*** Data under study ***
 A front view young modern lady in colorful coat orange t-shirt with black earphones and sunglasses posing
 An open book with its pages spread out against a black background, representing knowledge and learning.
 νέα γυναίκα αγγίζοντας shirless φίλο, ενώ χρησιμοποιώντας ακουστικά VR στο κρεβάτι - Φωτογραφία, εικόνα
*** End of Data under study ***
*** Data under study ***
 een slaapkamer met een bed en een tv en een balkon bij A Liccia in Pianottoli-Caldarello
*** End of Data under study ***
*** Data under study ***
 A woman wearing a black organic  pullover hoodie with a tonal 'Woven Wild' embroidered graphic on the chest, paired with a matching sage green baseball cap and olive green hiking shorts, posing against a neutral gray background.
*** End of Data under study ***
▸ Problem to solve: Beginning at the line with "A front view" and stopping after the line with "νέα γυναίκα αγγίζοντας", please write out every line of the data above exactly and nothing else.

▸ Solution for this task:
 A front view young modern lady in colorful coat orange t-shirt with black earphones and sunglasses posing
 An open book with its pages spread out against a black background, representing knowledge and learning.
 νέα γυναίκα αγγίζοντας shirless φίλο, ενώ χρησιμοποιώντας ακουστικά VR στο κρεβάτι - Φωτογραφία, εικόνα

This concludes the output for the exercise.